By comparison, the Sun has an apparent brightness as seen from Earth 398,110 times as bright as the apparent brightness of an average full moon. The apparent brightness of the full moon is 0.0000025 that of the Sun, so if Star B appears as Bright as the Sun from Planet X and Star A appears only 0.0001 as bright as star B as seen from Planet X that could still be about 40 times as bright as a full moon seen from Earth.

The absolutely most luminous star known to science is R136a1 in the Large Magellanic Cloud, about 8,710,000 times as luminous as the Sun. The least luminous known star is 2MASS J0523-1403, about 0.000126 times as luminous as the Sun. That gives a luminosity range of about 69,126,983,000 times. That should be enough for any desired difference in the luminosity of the two stars in the solar system of Planet X, right?

Wrong.

If you want Planet X to be interesting because it is habitable for Earth Humans, or has advanced multi celled life like trees and mammals, or has native intelligent beings, Planet X must have enjoyed a relatively constant amount of radiation from it's sun, Star B, for billions of years, since Earth is believed to be relatively typical, and it took billions of years for those things to develop on Earth.

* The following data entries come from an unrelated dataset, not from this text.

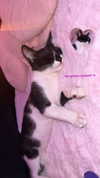 _batzir_haanavim Altpins Profile Picture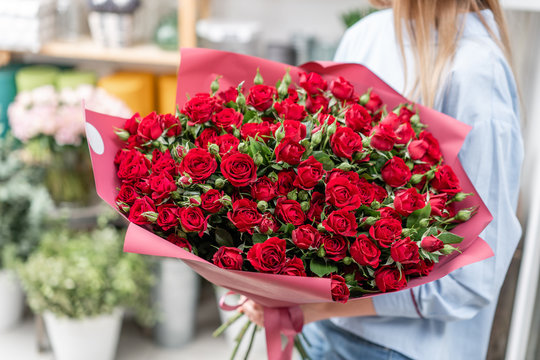 Fototapeta Big luxury bright bouquet in the hands of a cute girl. One hundred of garden red spray roses. Color passionately scarlet, Autumn mood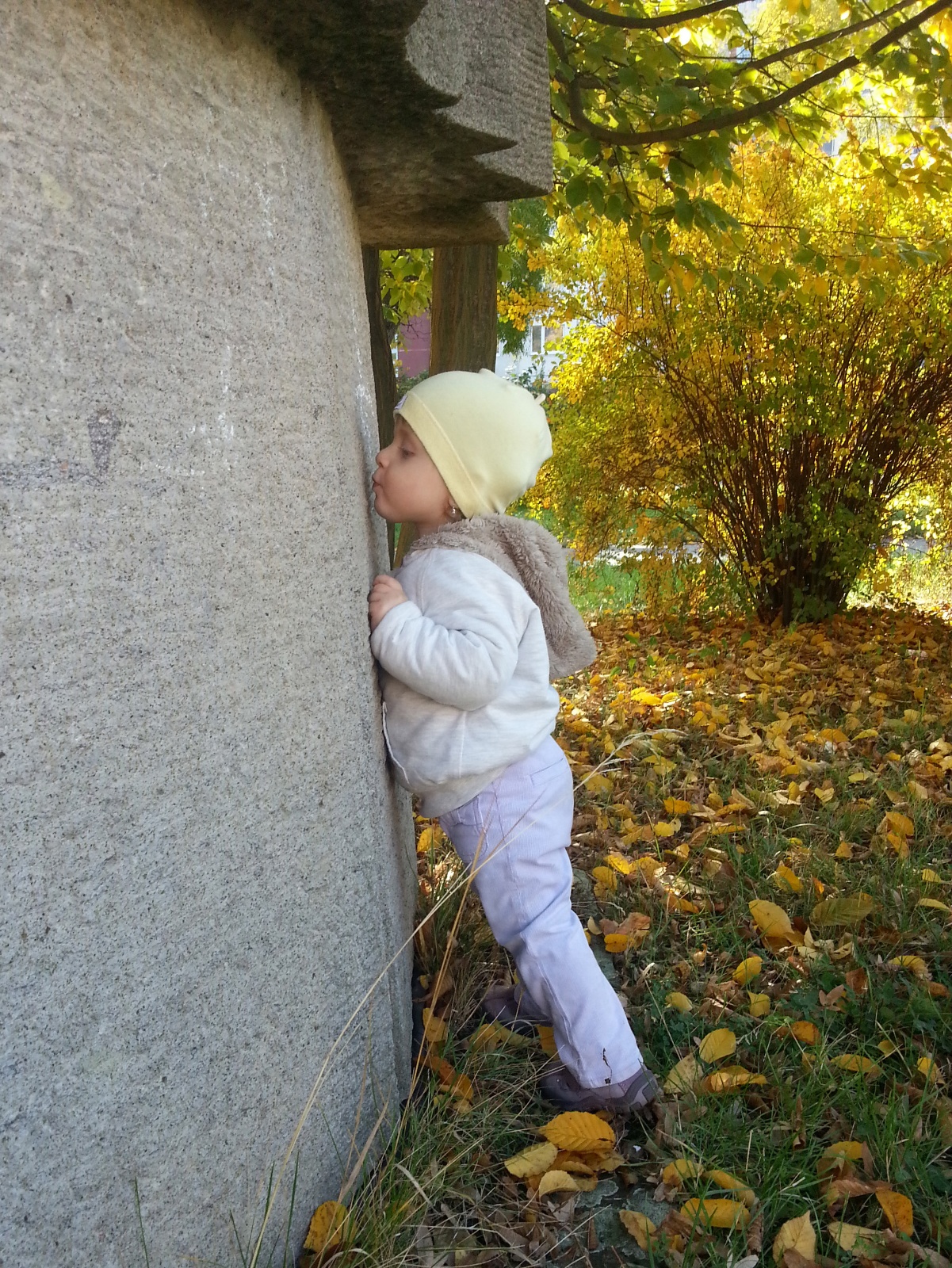 IMG 20131013 124531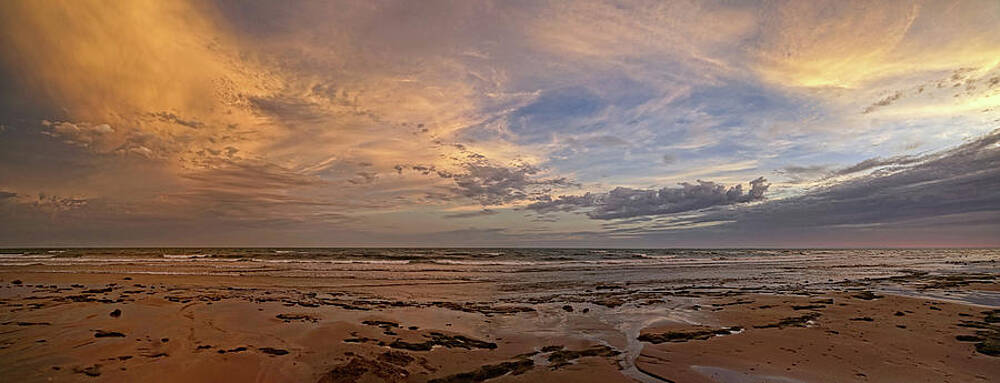 Wall Art - Photograph - Delight at Dusk by Leda Robertson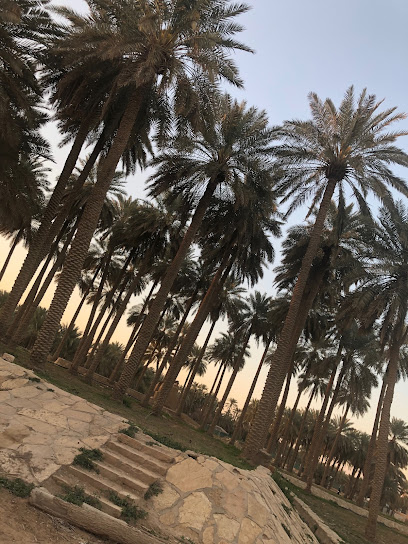 Fresh Vegetables Farm - Saudi Arabia|Riyadh 13711|Unnamed Road|PHJG+HJJ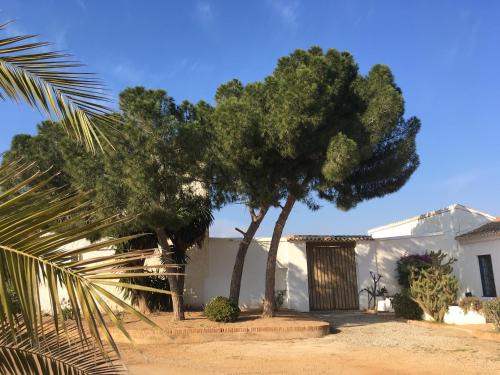 Campo Nubla Bed & Breakfast | Torre de la Campana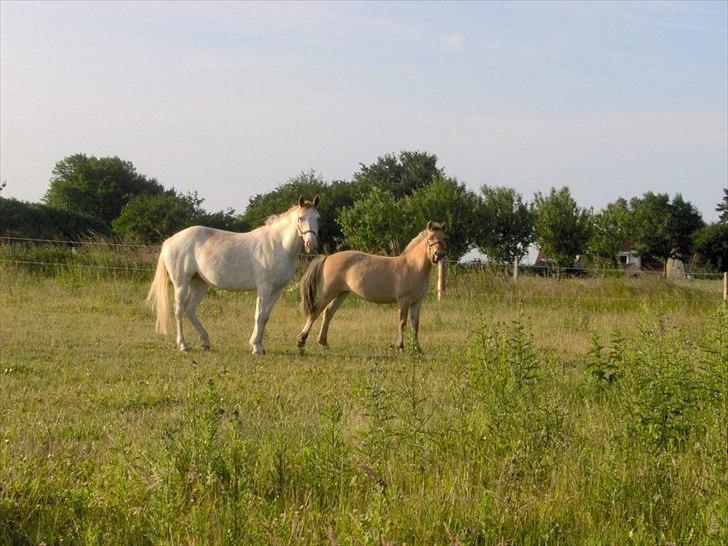Fjordhest Philipa billede 9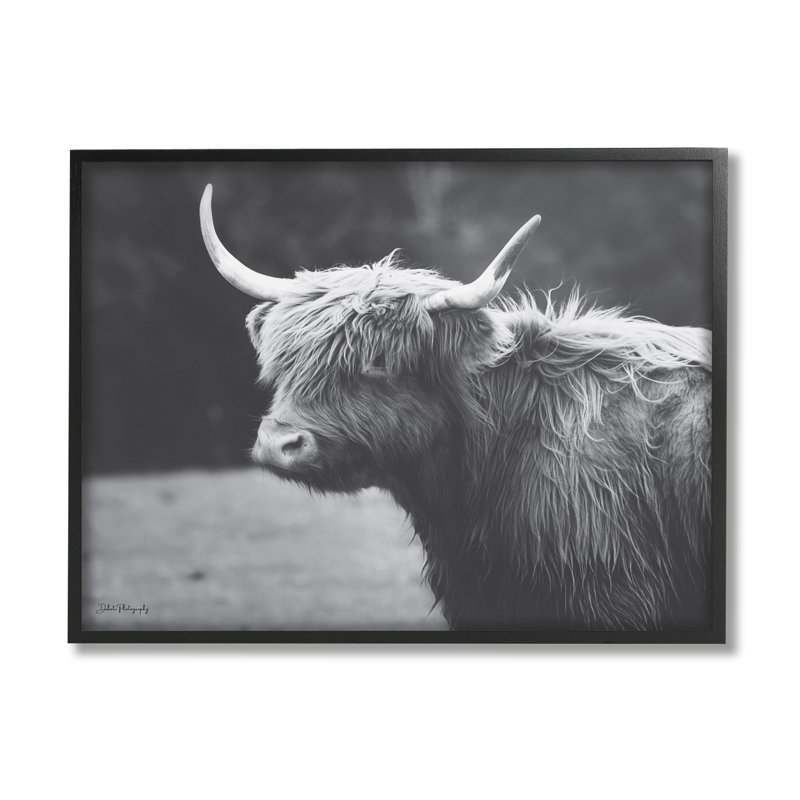 Bouvier de campagne Highland, animal de ferme - photographie, H 11 po x l 14 po x P 1,5 po, Giclée encadrée noir minuit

Therefore Star B that Planet X orbits must have been a relatively stable main sequence star for billions of years in order for Planet X to be habitable for Earth Humans, or have advanced multi celled life like trees and mammals, or have native intelligent beings. And since both stars in the system would be the same age, Star A must also have been a relatively stable main sequence star for billions of years. When stars eventually leave the main sequence they usually change in ways that destroys all life on the planets that orbit them and may also destroy all life on planets orbiting other stars in the same star system.

And what types of stars will remain stable main sequence stars for billions of years? Stars of late spectral type F (starting at maybe type F8), type G, Type K, and type M. Thus Star B, that Planet X orbits, and Star A, in the same star system, would both have to be somewhere between about spectral type F8V to M9V, which would limit the possible range of their luminosity difference. I believe the extreme possible luminosity difference between Star A and Star B would be about 25 times.

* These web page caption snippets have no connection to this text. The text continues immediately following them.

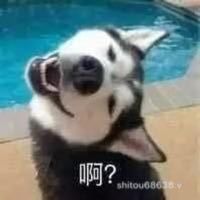 頭像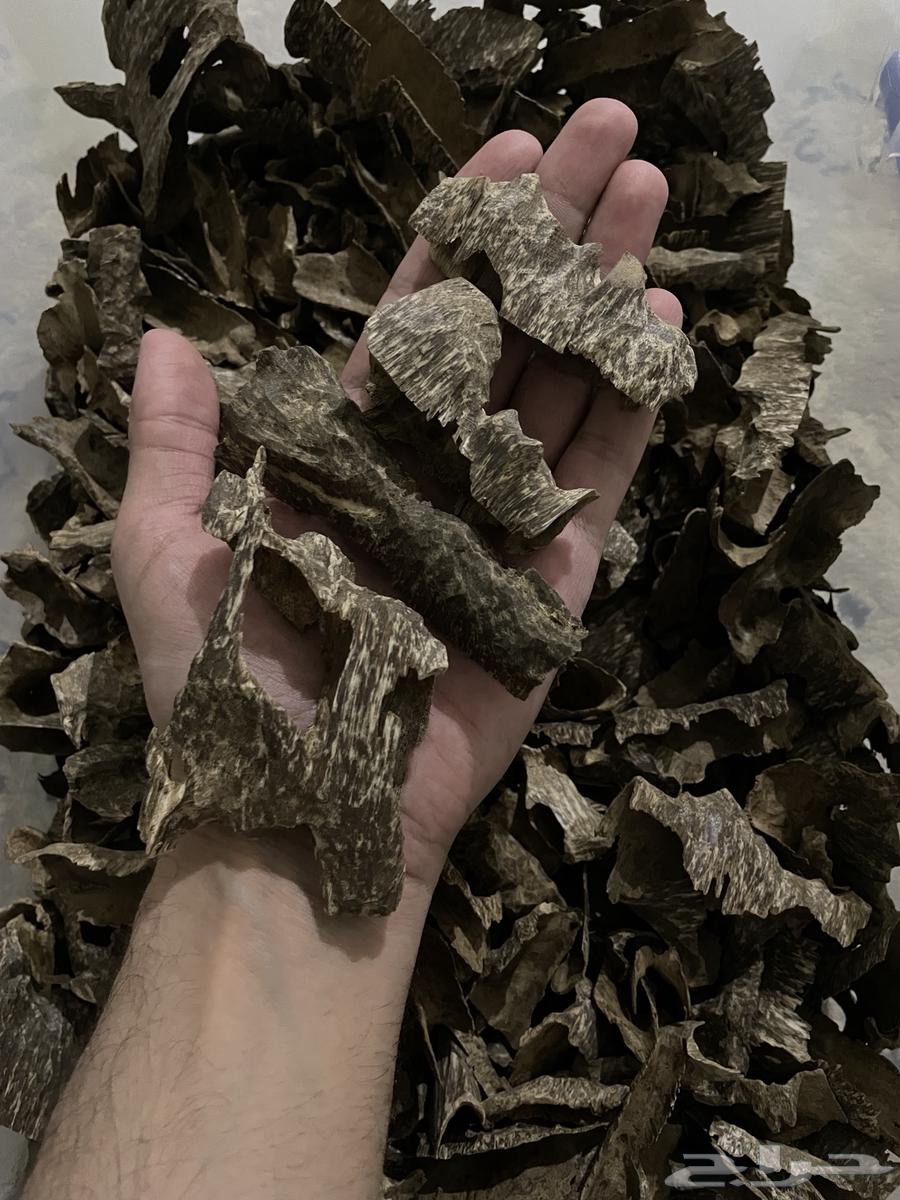 عود فيتنامي طبيعي64516268387074112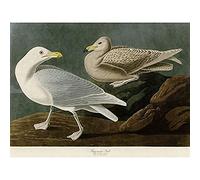 Artery8 Audubon Birds America Burgomaster Gull Art Print Canvas Premium Wall Decor Poster Mural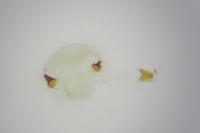 Epiblema cirsiana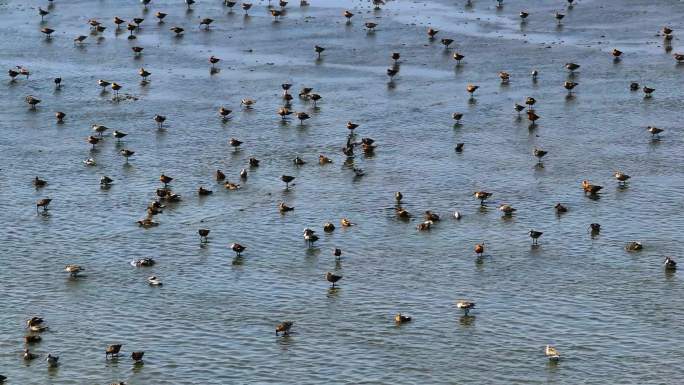 黄河口国家公园生态湿地壮观鸟浪奇观
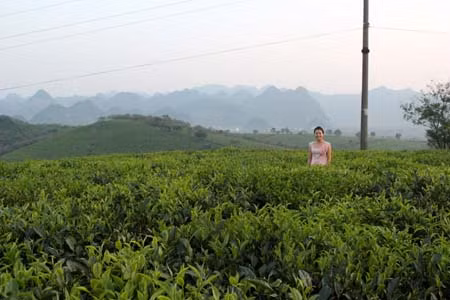 Du lịch Sơn La: Tìm hướng liên kết để đa dạng hóa sản phẩm ảnh 2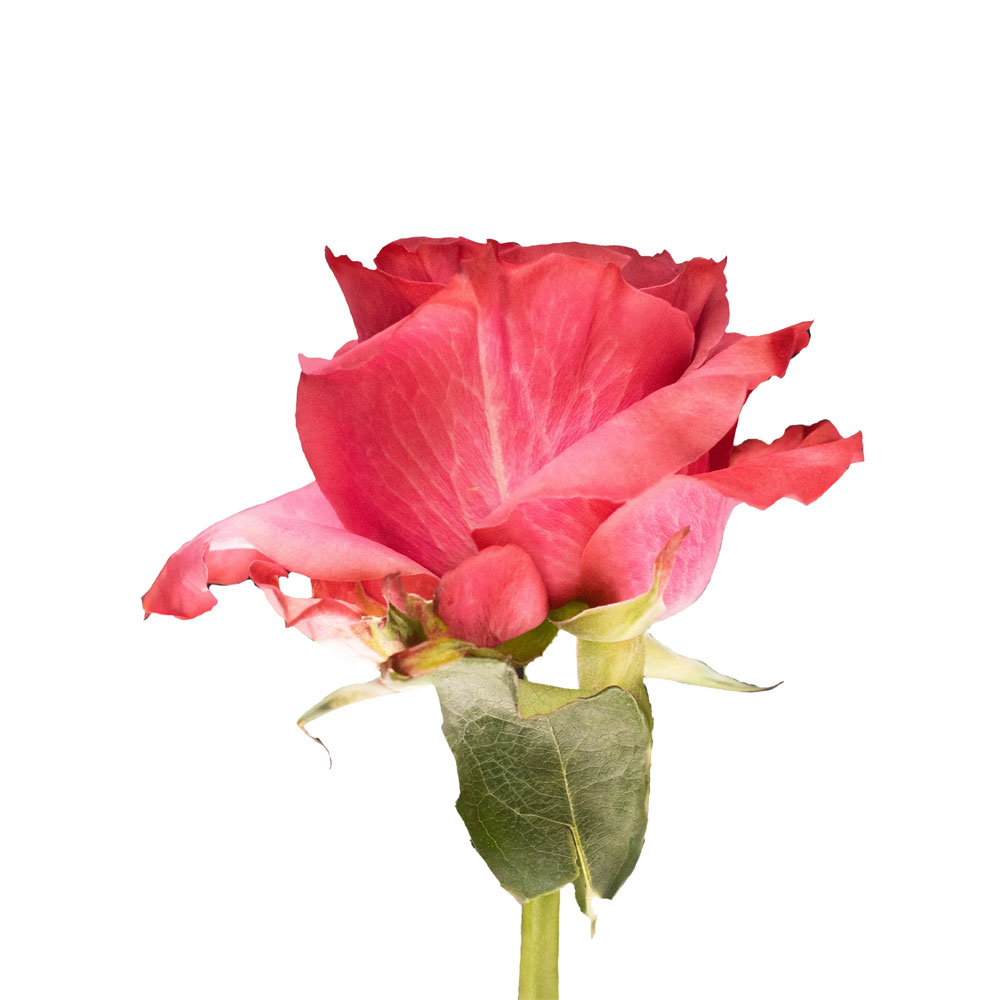 Country Blues Roses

But many scientists believe that stars from mid type K and all type M stars are not suitable for having habitable planets for various reasons. If that is correct the possible spectral types for Star B would be limited to about F8V to K5V. That gives a luminosity range of about six times for the difference between Star A and Star B. But since it is not specified whether Star A should have any habitable planets its spectral type can be between type F8V and type M9V.

So if you want your story to be anything like hard science fiction you should find more precise figures for the various limits listed before making your calculations, if you want Planet X to be interesting because it is habitable for Earth Humans, or has advanced multi celled life like trees and mammals, or has native intelligent beings. Unless the stars in the star system are younger and should not have planets as advanced as Planet X seems to be. Perhaps super powerful aliens terraformed Planet X millions of years ago and seeded it with life forms billions of years more advanced than it had time to evolve naturally, or even took Planet X from its original star system and moved it into the much younger star system it is now in.